HORLIVKA, Ukraine - For seven years Lidia Lenko has put up with stray bullets flying through her kitchen window and shrapnel bursts that left jagged pockmarks in the green metal fence outside her home.

Now she is living through what she fears is another upswing in the slow-burning war between pro-Russian separatists and government forces in eastern Ukraine.

Once, says the 66-year-old, she believed in the possibility of peace. "But now we listen, we see on TV that there are some talks going on, but there is no relief at all. We only feel the effect on us, when there’s shelling.

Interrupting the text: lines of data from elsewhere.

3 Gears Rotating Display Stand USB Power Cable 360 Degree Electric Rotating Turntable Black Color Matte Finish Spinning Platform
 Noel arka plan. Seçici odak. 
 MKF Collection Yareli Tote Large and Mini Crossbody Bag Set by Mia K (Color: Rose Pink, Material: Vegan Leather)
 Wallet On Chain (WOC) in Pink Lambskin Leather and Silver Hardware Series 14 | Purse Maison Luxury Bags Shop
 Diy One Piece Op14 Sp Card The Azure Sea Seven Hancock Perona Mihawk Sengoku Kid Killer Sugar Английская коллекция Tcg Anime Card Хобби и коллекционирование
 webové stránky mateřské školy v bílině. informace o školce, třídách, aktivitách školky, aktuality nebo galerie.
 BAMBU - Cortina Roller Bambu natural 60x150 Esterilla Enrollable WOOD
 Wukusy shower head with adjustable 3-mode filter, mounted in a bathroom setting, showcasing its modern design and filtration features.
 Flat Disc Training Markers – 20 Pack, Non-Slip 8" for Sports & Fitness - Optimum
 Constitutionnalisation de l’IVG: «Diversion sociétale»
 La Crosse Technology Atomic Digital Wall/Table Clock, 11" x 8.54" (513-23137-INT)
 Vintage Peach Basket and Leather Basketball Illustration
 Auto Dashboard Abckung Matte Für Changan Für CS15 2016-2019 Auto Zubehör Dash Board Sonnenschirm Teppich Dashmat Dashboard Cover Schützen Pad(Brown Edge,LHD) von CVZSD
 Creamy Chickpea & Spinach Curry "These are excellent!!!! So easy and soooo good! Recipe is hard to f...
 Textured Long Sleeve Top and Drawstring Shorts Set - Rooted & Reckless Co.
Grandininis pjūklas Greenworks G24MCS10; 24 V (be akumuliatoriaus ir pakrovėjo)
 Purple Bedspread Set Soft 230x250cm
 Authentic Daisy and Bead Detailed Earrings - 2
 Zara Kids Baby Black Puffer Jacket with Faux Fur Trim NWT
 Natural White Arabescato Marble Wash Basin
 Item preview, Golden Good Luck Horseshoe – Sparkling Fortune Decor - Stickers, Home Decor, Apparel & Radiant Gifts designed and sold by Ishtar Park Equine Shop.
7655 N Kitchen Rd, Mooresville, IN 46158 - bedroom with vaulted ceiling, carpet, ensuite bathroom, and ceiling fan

"When I go outside in the dark, I see night tracer bullets. If these were peaceful times, I would say they were firework sparklers. But in fact it is terrifying... It's getting worse and worse by the day now."

On the edge of Horlivka, a town controlled by the separatists since 2014, Lenko and her neighbours are trapped between the two warring sides in a conflict that the Ukrainian government says has killed more than 14,000 people.

Russia has accused Ukraine of preparing to try to recapture the breakaway eastern regions by force - something Ukrainian President Volodymyr Zelenskiy again denied on Friday.

Ukraine fears Russia might use that as a pretext to launch a full-scale war. Moscow says this is false and alarmist.

'CONSTANT FEAR'

Tatiana Toloshina, 60, lives in a battered shack with gaping holes in the roof. She keeps ducks, rabbits, pigs and hens, and has built an extensive larder fit to withstand a siege, with jars of pickles and crates full of apples, carrots and cabbage.

"When the shelling starts, I try to hide in the basement. Maybe it won't save me that much. But at least it is somehow comforting," she said.

"We hear the shelling. We live in constant fear. Because it's impossible, you never know where it's going and where it will land."

Aleksander Studenikin and his wife live in the basement of a ruined school, with a candle burning on the table and an old TV set in the corner. Their own house was destroyed by shelling in July 2014.

Like the other residents, he says he hopes for peace but doubts it will come: "It's to their (the sides') benefit to keep the fighting going."